Task to carry out »
Using the material below, repeat exactly the lines from the one with "北海道 利尻島 ドローン空撮 北海道 利尻島 ドローン空撮 128053133" through the one with "Extrato de Cranberry", ends included, without any images.

Records supplied »
****************

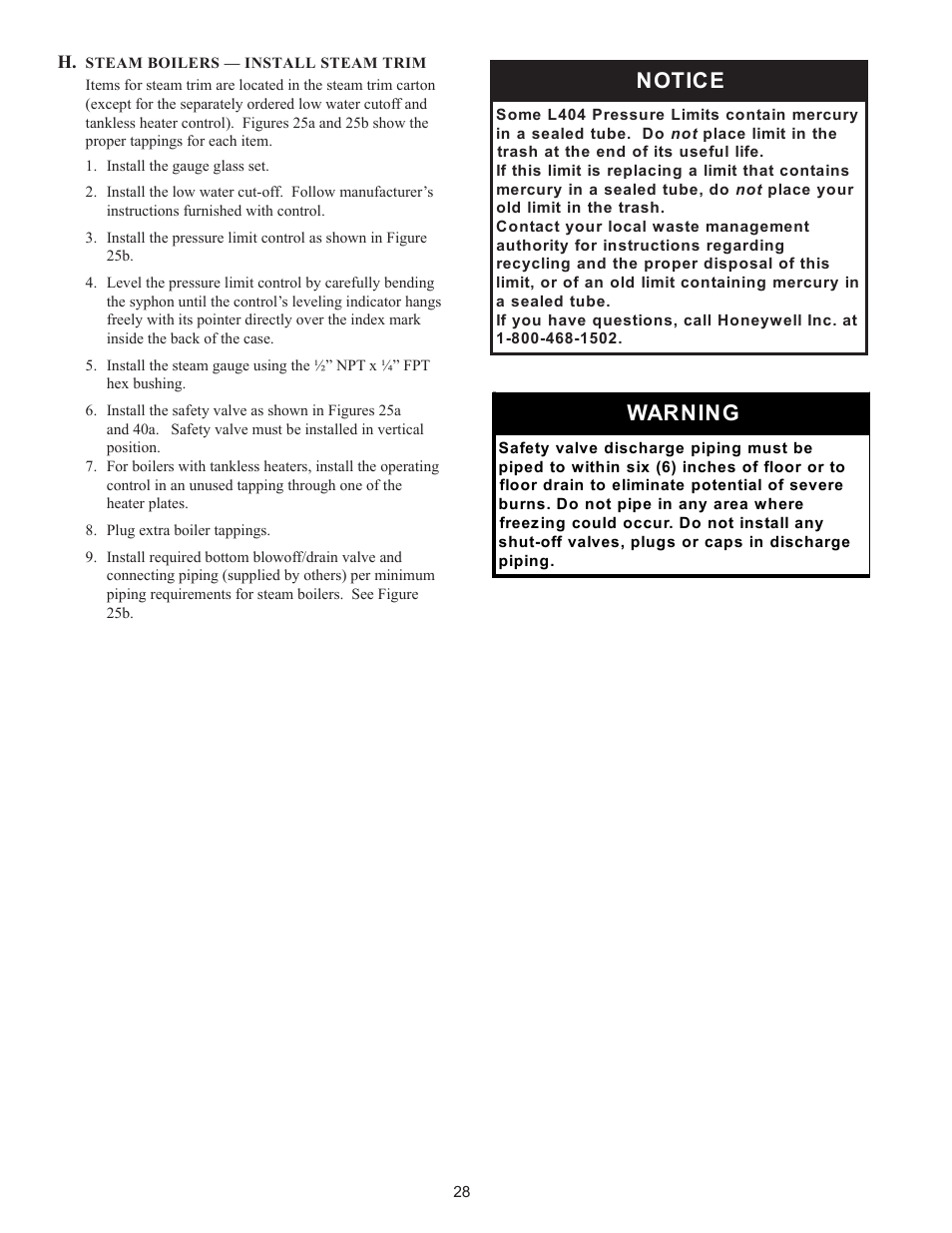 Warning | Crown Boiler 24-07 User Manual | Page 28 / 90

****************

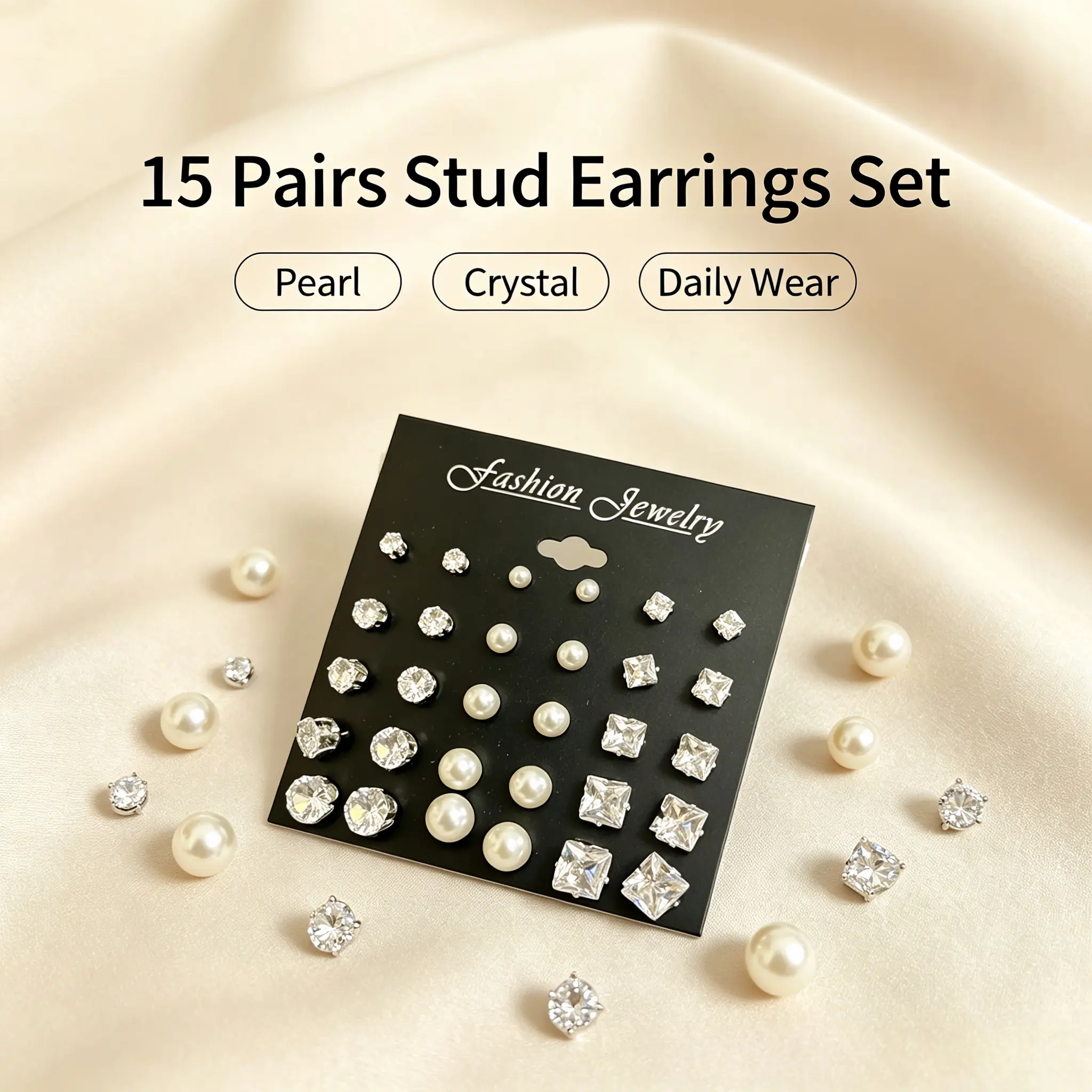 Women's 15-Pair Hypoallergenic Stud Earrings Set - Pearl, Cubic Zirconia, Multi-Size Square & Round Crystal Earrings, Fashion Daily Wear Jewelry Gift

****************

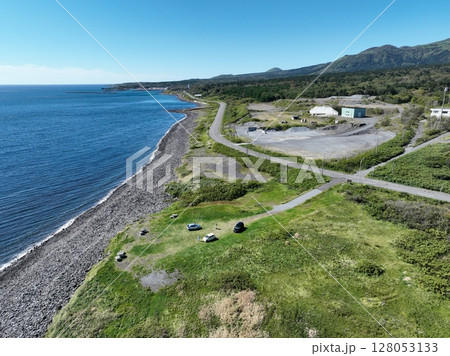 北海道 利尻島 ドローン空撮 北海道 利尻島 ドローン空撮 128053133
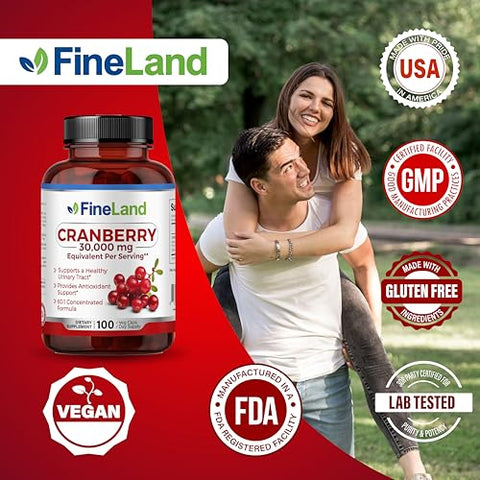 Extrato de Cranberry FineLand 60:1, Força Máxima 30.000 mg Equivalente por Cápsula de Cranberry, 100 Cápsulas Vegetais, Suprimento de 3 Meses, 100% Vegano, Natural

****************

Response to the task »
 北海道 利尻島 ドローン空撮 北海道 利尻島 ドローン空撮 128053133
 Extrato de Cranberry FineLand 60:1, Força Máxima 30.000 mg Equivalente por Cápsula de Cranberry, 100 Cápsulas Vegetais, Suprimento de 3 Meses, 100% Vegano, Natural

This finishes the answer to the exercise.